While the project is still in its early phase, already we have produced several thousand ebony plants, CBI is conducting groundbreaking ebony-related research, and a small number of communities are part of the project. Simply put, we want to leave far more than we ever take.  And the project is starting to attract some attention.

Back in September, we had a lot of people come visit Crelicam, CBI, and some of our partnering Ebony Project villages in Cameroon. Senior delegations from the World Bank, The U.N. REDD+ program, the U.N. Food & Agriculture Organization, and the U.S. Forest Service International Programs all came to check out what we were up to. Apparently, most people liked what they saw, and it led to a lot of follow-up conversations, one of which culminated in Taylor Guitars being invited to the U.N. Climate Change Conference in Bonn, Germany on November 14 to sign a Public-Private Partnership agreement with the Cameroonian Ministry of Environment.

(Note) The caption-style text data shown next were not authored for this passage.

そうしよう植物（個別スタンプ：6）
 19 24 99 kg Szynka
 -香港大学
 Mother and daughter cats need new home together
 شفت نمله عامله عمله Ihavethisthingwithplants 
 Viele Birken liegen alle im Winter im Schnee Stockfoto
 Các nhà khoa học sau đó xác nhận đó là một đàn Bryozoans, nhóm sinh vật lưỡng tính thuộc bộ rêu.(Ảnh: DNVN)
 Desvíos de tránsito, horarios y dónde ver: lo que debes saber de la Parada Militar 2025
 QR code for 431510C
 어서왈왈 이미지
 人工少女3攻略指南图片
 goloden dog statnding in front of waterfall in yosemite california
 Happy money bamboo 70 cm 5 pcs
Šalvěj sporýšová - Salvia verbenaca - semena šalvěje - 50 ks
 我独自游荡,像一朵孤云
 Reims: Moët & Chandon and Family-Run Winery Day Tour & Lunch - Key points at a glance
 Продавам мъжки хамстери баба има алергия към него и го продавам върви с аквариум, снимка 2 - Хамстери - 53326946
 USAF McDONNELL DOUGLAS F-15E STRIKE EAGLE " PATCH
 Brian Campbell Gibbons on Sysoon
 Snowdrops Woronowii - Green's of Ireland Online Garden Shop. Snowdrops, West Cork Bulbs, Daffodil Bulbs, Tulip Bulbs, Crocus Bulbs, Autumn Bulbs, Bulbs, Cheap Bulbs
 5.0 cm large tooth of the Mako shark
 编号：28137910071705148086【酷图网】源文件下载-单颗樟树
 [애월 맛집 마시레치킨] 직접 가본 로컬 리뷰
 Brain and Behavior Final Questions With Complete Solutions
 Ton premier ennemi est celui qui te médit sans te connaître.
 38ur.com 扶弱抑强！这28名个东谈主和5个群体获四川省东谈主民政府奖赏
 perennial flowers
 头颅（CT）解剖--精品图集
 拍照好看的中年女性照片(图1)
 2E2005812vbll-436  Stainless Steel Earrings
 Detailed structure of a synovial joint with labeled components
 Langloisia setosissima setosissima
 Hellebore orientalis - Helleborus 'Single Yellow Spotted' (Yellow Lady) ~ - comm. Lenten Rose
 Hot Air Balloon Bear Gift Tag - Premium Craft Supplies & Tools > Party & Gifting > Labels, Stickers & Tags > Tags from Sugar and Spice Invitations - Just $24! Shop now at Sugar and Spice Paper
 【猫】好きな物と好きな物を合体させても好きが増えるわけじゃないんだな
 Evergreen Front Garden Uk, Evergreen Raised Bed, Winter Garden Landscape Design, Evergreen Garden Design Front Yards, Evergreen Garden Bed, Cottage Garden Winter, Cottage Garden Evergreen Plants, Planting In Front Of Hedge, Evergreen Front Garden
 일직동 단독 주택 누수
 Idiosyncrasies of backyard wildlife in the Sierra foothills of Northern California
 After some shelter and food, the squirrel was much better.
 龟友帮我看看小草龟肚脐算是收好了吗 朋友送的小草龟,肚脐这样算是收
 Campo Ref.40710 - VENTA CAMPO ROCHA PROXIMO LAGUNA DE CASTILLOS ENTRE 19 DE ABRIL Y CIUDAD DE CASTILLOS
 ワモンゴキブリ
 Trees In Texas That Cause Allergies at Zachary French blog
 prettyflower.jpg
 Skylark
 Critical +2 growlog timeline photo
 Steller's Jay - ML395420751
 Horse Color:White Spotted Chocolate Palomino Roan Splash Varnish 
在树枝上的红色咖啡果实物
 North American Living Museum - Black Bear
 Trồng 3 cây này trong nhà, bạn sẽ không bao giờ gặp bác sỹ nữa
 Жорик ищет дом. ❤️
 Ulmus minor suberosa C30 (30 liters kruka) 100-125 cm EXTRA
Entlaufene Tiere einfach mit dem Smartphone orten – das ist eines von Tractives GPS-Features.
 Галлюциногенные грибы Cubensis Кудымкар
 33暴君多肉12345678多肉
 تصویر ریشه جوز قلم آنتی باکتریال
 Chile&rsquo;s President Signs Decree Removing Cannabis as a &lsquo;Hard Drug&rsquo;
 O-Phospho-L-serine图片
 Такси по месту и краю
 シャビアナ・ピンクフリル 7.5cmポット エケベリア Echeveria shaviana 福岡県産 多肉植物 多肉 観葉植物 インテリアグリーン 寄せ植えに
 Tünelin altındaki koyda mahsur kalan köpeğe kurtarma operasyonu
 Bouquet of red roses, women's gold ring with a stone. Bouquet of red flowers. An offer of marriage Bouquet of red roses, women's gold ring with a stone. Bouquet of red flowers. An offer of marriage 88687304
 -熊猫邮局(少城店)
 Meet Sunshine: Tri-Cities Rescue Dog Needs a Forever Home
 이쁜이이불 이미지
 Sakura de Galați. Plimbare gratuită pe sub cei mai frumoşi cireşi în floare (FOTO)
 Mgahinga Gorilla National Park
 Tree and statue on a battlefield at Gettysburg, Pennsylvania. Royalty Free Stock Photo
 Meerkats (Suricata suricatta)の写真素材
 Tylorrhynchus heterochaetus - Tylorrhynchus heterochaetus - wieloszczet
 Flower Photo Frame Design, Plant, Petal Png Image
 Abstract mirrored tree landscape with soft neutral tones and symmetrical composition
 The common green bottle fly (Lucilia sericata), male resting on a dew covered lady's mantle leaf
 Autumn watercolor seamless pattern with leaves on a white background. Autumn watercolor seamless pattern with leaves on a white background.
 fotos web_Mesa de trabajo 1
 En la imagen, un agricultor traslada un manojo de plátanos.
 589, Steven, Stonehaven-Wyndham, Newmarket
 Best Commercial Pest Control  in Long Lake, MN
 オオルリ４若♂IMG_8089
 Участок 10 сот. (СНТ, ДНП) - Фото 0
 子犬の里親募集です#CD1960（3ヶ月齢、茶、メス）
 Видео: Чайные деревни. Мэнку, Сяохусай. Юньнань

Working together with CBI and Taylor’s Crelicam partner, Madinter, the Ministry will assess the feasibility of expanding the existing Taylor-funded CBI Ebony Project model of community engagement, tree propagation, and planting more broadly across Cameroon’s subnational REDD+ program (i.e., much of the southern part of the country prioritized by the government for forest protection, management and restoration under the U.N. Climate Change Convention).  Cameroon’s REDD+ program was developed with the financial and technical support of the World Bank’s Forest Carbon Partnership Facility and the German Development Bank.

From its inception, before any of this, The Ebony Project had been designed as a pilot for larger-scale rainforest restoration efforts, and to date it has been fully financed by Bob Taylor. To be honest, we never dreamed of partnering with U.N. agencies, foreign governments or the World Bank. We started this project on our own because we simply felt it was the right thing to do. However, having signed the PPP, the Government of Cameroon will commission a study to assess the feasibility of scaling up our approach across southern Cameroon. In the meantime, we’ll continue doing what we’ve been doing…and if it turns out that someone wants to expand the concept so that more trees can be planted, then we have no problem with that! We’ll keep you posted.